McDonald’s Corp. is cutting 225 jobs, more than half of them at the company’s headquarters, as the struggling burger giant streamlines operations and cuts expenses.
The cuts include 135 layoffs at the company’s headquarters in Oak Brook, Ill., according to an Illinois state layoff notice released today. The layoffs took place last month. It also includes 90 employees overseas, according to a company spokeswoman.
“We do not take decisions that impact jobs lightly, but we committed in May to implement meaningful changes to reset our business, remove layers and find cost efficiencies, and we are acting with a sense of urgency on that commitment,” company spokeswoman Heidi Barker Sa Shekhem said in a statement.
The cuts come on top of 63 layoffs made at headquarters back in February.
The layoffs have long been expected as the company has restructured its operations to eliminate bureaucracy and make quicker decisions.
In May, the company announced a turnaround plan highlighted by a restructuring that included $300 million in annual general and administrative savings by the end of 2017. Executives have hinted that these savings would come at least in part in the form of job cuts.
“We’re putting the right people in the right places,” CEO Steve Easterbrook said during his turnaround statement in early May. “We’ll be conducting an additional review of our corporate functions in the coming weeks and reducing G&A [general and administrative expenses] as we look to align our support more closely with the new structure.”

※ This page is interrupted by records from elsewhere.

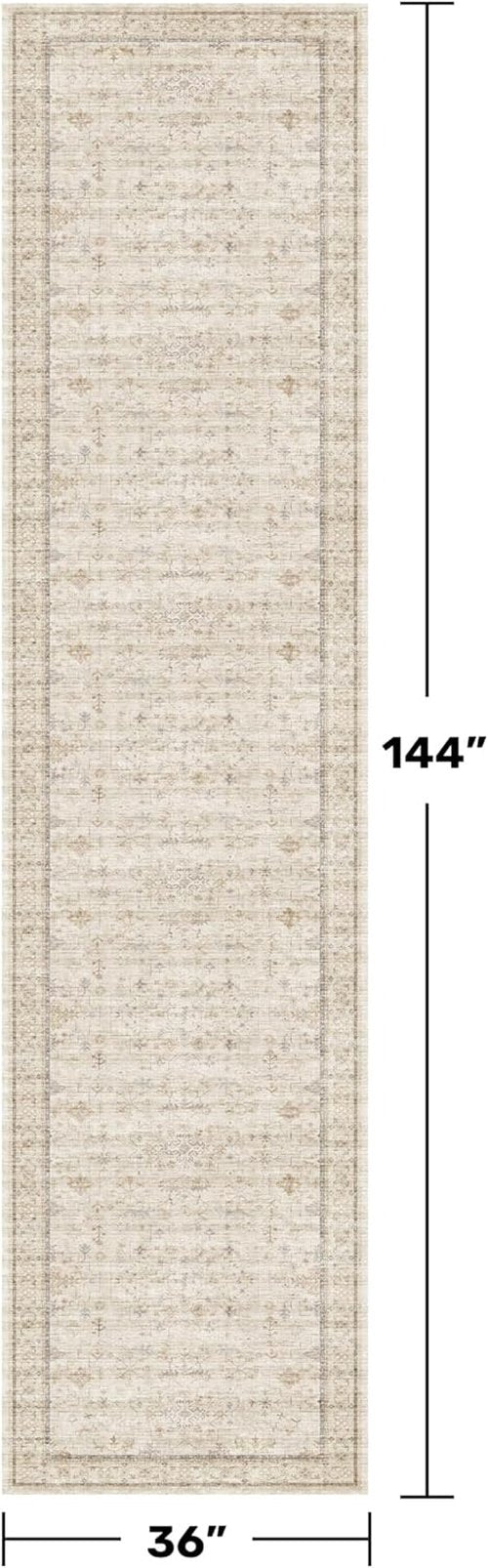 Beige Floral Hallway Runner Rug - 3x12 Washable, Non-Slip, Low-Pile Vintage Oriental Carpet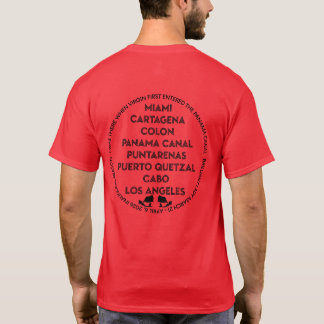 Panamakanaal voor het eerst zwart aan de achterkan t-shirt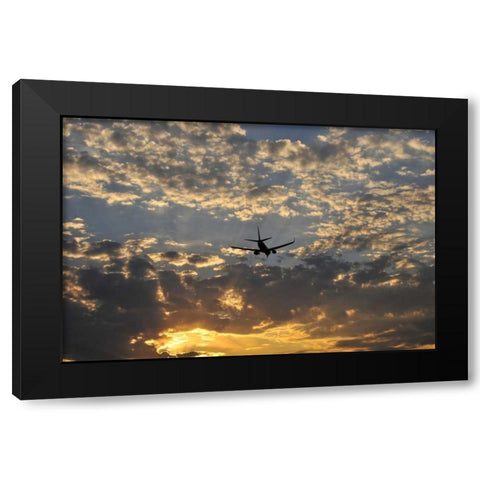 OR, Portland Airplane approaching landing Black Modern Wood Framed Art Print by Terrill, Steve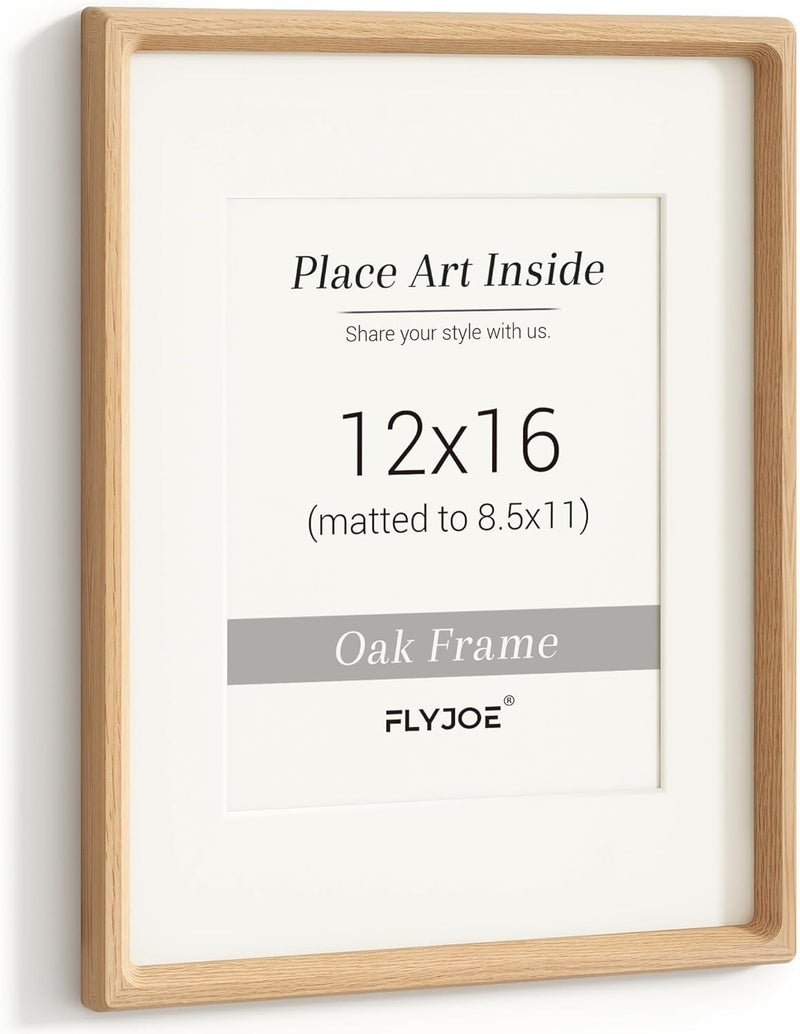 FLYJOE 12x16 Picture Frame, USA-Sourced Natural Oak Wood Photo Frame with Tempered Glass, Handcrafted Rounded Corner 12 x 16 Wooden Frame Matted to 8.5x11 Photos, Horizontal or Vertical Wall Mounting - Image 1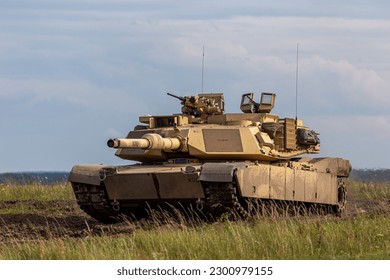 The photo shows an American M1 Abrams tank, which has been provided to the Ukrainian military to bolster their armored capabilities in the ongoing conflict, and is a formidable force on the battlefiel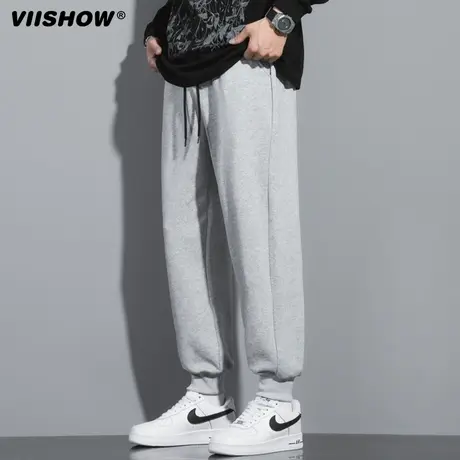VIISHOW裤子男款春秋款韩版潮流束脚卫裤宽松运动裤男士休闲长裤商品大图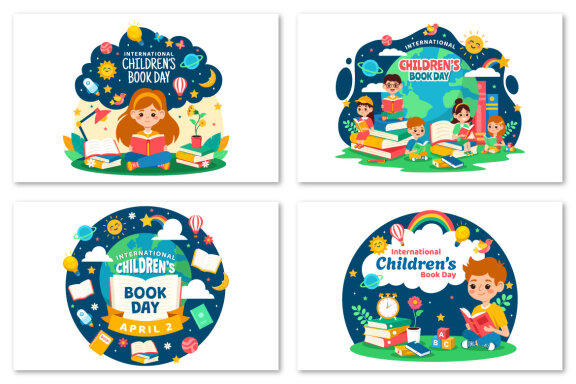 12 International Children Book Day Illustration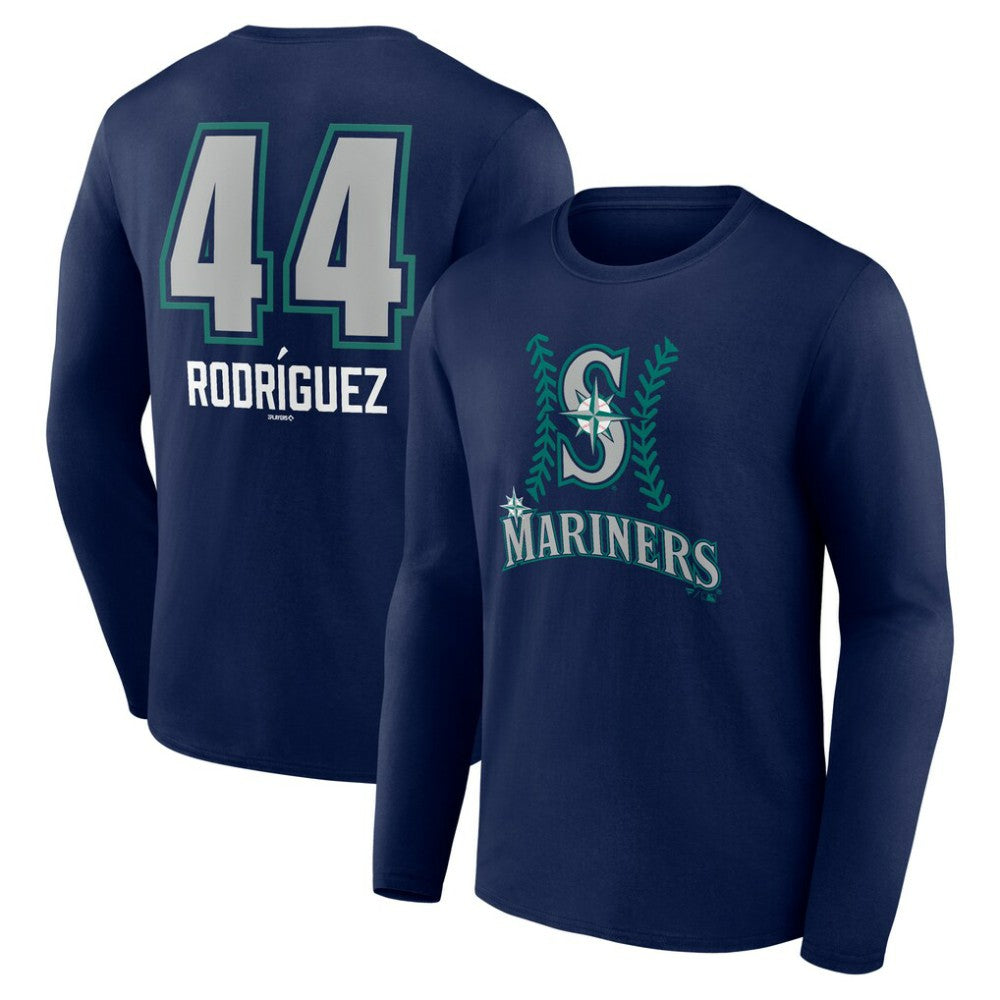 Julio Rodríguez Seattle Mariners Name & Number Fastball Long Sleeve T-Shirt - Navy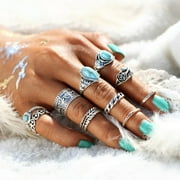 DOLSRINKSYS 10PC Vintage Silver Knuckle Rings Set For Women Bohemian Stackable Joint Finger Rings Retro Stone Stacking Rings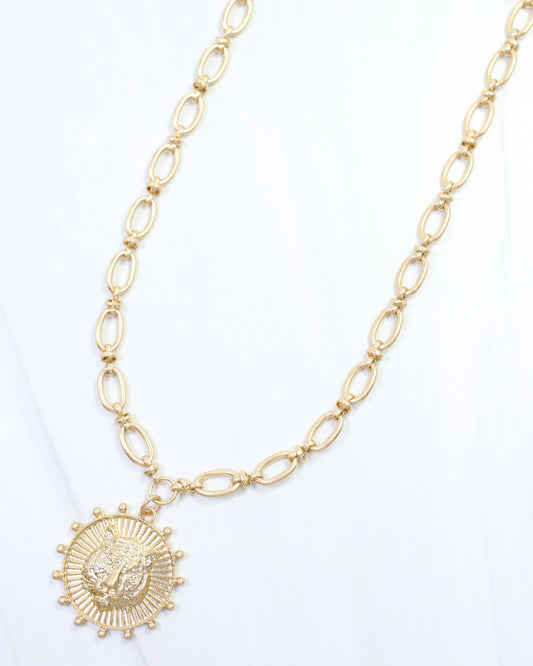 Carmen Coin Necklace Tiger Worn Gold
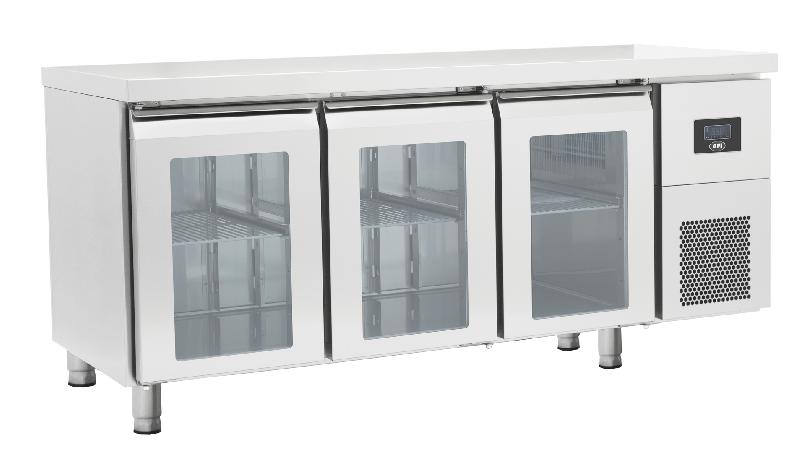 Table réfrigérée inox 3 portes vitrées 457 l positive - OZ3PV_0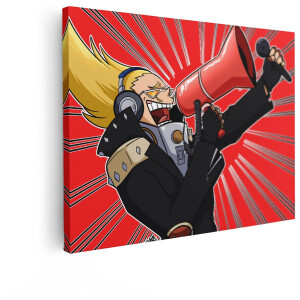 Artaza Canvas Schilderij Presentator met Megafoon en Microfoon - Anime Stijl - met Rode Achtergrond - 40x30 cm - Klein - Wanddecoratie Woonkamer - Schilderijen - Muurdecoratie
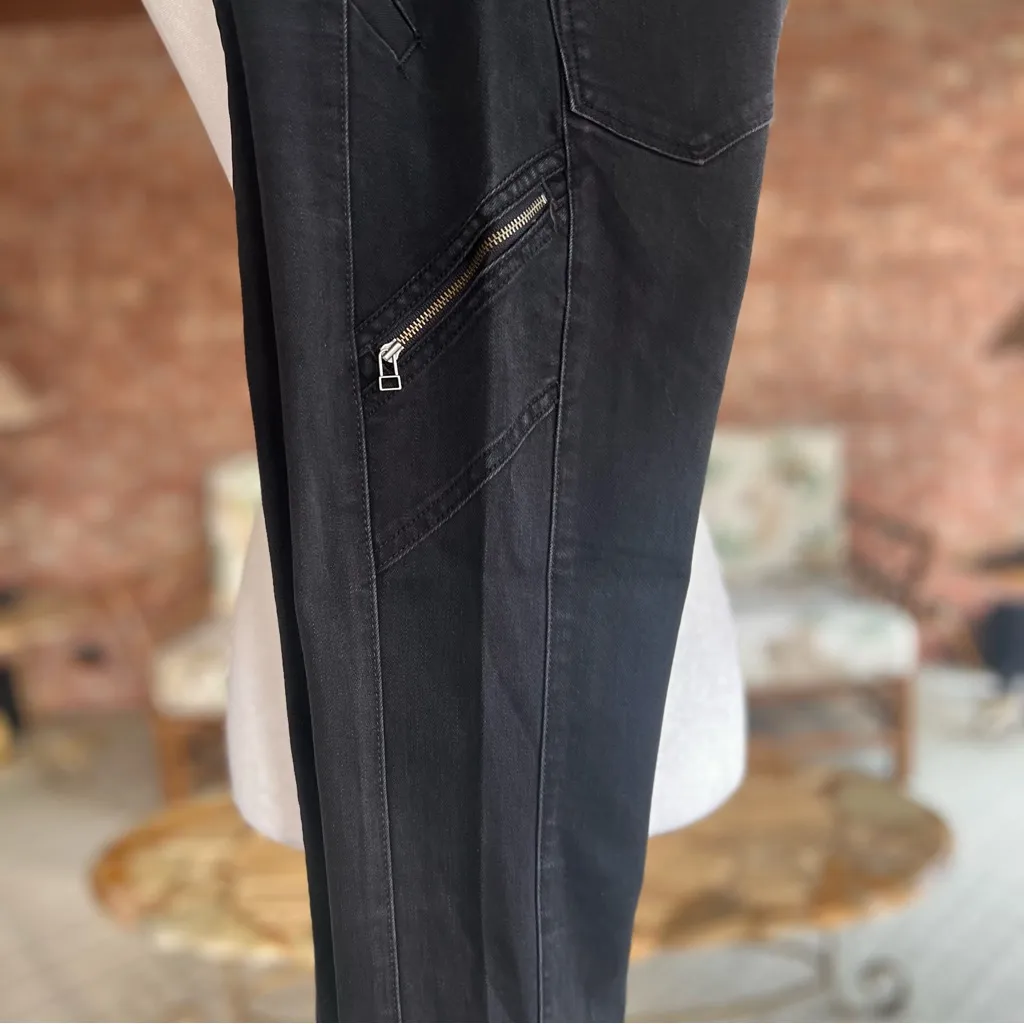 Treasure & Bond Moto Jeans Skinny Wash Out Black 26 Utility Edgy Party Chic - Image 12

On the company’s second quarter earnings call last month, Chief Financial Officer Kevin Ozan said that the company “made important changes in our corporate and support teams, which included the elimination of some international and home-office positions. While these types of changes are never easy, they were right for the business and will result in a leaner, more agile organization that can better respond to market conditions and most importantly, our customers.”
The changes have come as McDonald’s fights to reverse a brutal sales slump, particularly in its home U.S. market, where competitors are eating into the chain’s massive market share.
Same-store sales in the company’s second quarter, for instance, declined 2 percent. Sales have been deteriorating at the chain for three years.
“There is no silver bullet,” Easterbrook said on the call. “No one move will turn a business that’s been in decline for three years.”
This article has been revised to reflect the following correction:
Correction: Aug. 6, 2015 An earlier version of this article incorrectly stated when the layoffs were to occur. The layoffs took place last month.